Eram necessários onze votos contrários para que o veto do prefeito ao projeto fosse derrubado. Dos 21 vereadores da Câmara, apenas 19 votaram. Adalberto Pereira (PFL) e Beto Scaff (PSDB) estavam ausentes. A votação foi secreta, e somou ao final 8 votos contrários, 3 favoráveis, 5 nulos e 3 em branco. O projeto, apresentado por 14 vereadores, foi aprovado por todos os 21 vereadores no dia 2 de setembro.
‘‘Voto em branco, voto nulo? É uma palhaçada. Tem gente que não têm nem a coragem de assumir o voto. Porque tanto medo? A Sercomtel é tão perigosa assim?’’, questionou a vereadora Elza Correia (PMDB).
O líder do prefeito na Câmara, o vereador Sidney de Souza (PTB), justificou: ‘‘Entendemos que o legislativo não pode inteferir na administração da Sercomtel S.A., pois ela conta com outros sócios.’’
A Sercomtel teve 45% de suas ações vendidas no ano passado por R$ 186 milhões.
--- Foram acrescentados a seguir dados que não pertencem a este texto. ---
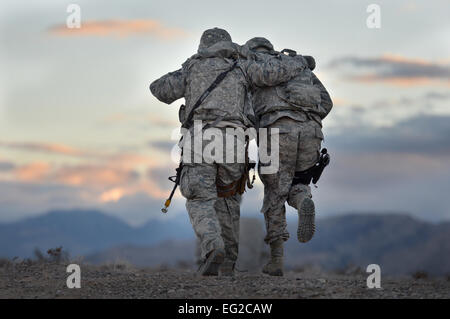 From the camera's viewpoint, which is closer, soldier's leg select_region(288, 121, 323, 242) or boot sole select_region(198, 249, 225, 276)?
boot sole select_region(198, 249, 225, 276)

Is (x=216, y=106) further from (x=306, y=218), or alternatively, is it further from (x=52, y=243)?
(x=52, y=243)

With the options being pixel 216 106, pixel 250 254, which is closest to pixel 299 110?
pixel 216 106

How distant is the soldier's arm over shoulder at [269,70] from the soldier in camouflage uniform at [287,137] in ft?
0.52

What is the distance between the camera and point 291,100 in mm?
10773

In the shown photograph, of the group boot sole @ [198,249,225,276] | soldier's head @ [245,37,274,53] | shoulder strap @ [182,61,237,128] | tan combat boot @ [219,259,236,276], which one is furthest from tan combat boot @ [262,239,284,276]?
soldier's head @ [245,37,274,53]

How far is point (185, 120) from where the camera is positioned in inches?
415

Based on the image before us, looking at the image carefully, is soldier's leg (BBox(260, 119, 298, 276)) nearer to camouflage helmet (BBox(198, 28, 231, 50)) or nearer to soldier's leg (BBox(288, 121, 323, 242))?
soldier's leg (BBox(288, 121, 323, 242))

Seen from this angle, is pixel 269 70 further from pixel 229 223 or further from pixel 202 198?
pixel 229 223

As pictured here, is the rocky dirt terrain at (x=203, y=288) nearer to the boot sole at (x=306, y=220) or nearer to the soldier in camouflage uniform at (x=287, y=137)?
the boot sole at (x=306, y=220)

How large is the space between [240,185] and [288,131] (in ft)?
3.32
Na época, a Câmara tentou fazer parte do Conselho de Gestão Financeira, que iria gerir o dinheiro da venda. A participação, aprovada em plenário, recebeu o veto do prefeito Belinati, que posteriormente foi derrubado pelos vereadores. A Câmara entrou na Justiça para que a lei fosse cumprida, mas acabou perdendo.